The downside of modularity is that, relative to monolithic designs, it tends to result in longer access times for memory that wasn't in the local building block. As a result, the performance of these Non-Uniform Memory Access (NUMA) systems depended a lot on keeping data close to the processor doing the computing. As NUMA principles crept into even mainstream processor designs -- even today's basic x86 two-processor motherboard is NUMA to some degree -- operating systems evolved to keep data affined with associated processes.

However, while software optimizations have certainly helped, the biggest reason that NUMA designs have been able to become so general purpose and widespread is that modern implementations aren't especially nonuniform. Early commercial NUMA servers running Unix from Data General and Sequent had local-remote memory access ratios of about 10:1. The differences in memory access in modern servers -- even large ones -- is more like 2:1 or even less.
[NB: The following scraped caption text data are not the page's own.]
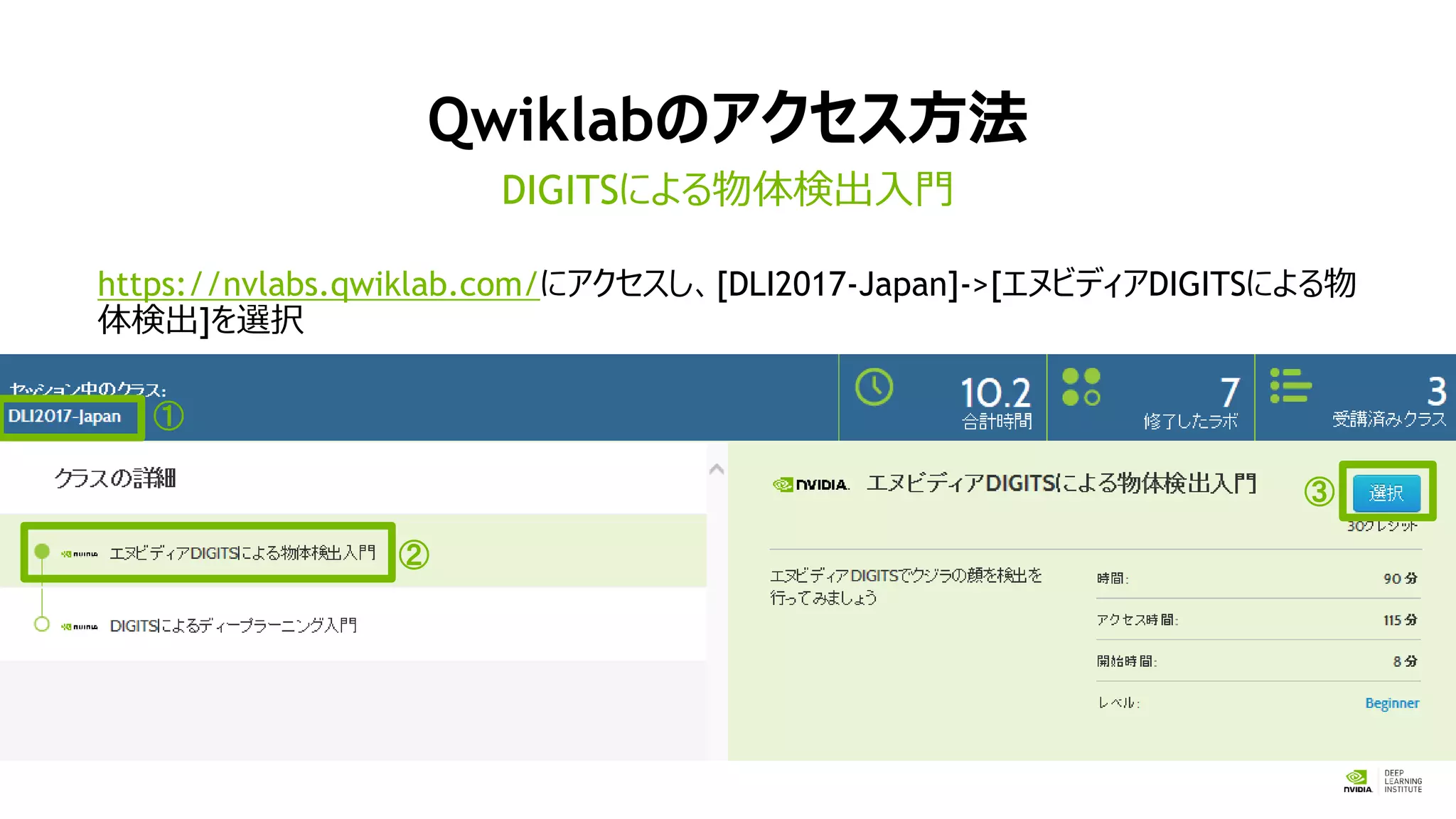 Qwiklabのアクセス方法
https://nvlabs.qwiklab.com/にアクセスし、[DLI2017-Japan]->[エヌビディアDIGITSによる物
体検出]を選択
DIGITSによる物体検出入門
①
②
③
However, as we start talking about computing taking place over a wider network of connections, the ratio can be much higher. More than once over the past decade, I've gotten pitches for various forms of distributed symmetrical multiprocessing systems that were intriguing -- but which rested on the assumption that long access times for data far away from where it was being processed could be mitigated somehow. The result has usually not been a good one. The problem is that, for many types of computation, synchronizing results tends to make performance more in line with the slowest access than the fastest access. Just because we make it possible to treat a distributed set of computing resources as a single pool of shared memory, doesn't mean that it will necessarily perform like we expect it to when we load up an operating system and run a program.

This lesson is highly relevant to cloud computing.

By design, a hybrid cloud can be used to abstract away details of underlying physical resources such as their location. Abstraction can be advantageous; we do it in IT all the time as a way to mask complexity. Indeed, in many respects, the history of computer technology is the history of adding abstractions. The difficulty with abstractions is that aspects of the complexity being hidden can be relevant to what's running on top. Such as where data is stored relative to where it is processed.

Two factors accentuate the potential problem.

The first is that a hybrid cloud can include both on-premise and public cloud resources. There's a huge difference between how much data can be transferred and how quickly it can be accessed over an internal data center network relative to the external public network. Orders of magnitude difference.

The second is that, with the growing interest in what's often called "Big Data," we're potentially talking about huge data volumes being used for analysis and simulation.

All of this points to the need for policy mechanisms in hybrid clouds that control workload and data placement. Policy controls are needed for many reasons in a hybrid cloud. Data privacy and other regulations may limit where data can legally be stored. Storage in different locations will cost different amounts. Fundamentally, the ability of administrators to set policies is what makes it possible for organizations to build clouds out of heterogeneous resources while maintaining IT control.

How applications and their data need to relate to each other will depend on many details. How much data is there? Can the data be preprocessed in some way? Is the data being changed or mostly just read? However, as a general principle, processing is best kept physically near the data that it's processing. In other words, if the data being analyzed is being gathered on-premise, that's probably where the processing should be done as well.

If this seems obvious, perhaps it should be. But it's easy to fall into the trap of thinking that, if differences can be abstracted away, those differences no longer matter. Latencies can be one of those differences -- whether in computer system design or in a hybrid cloud.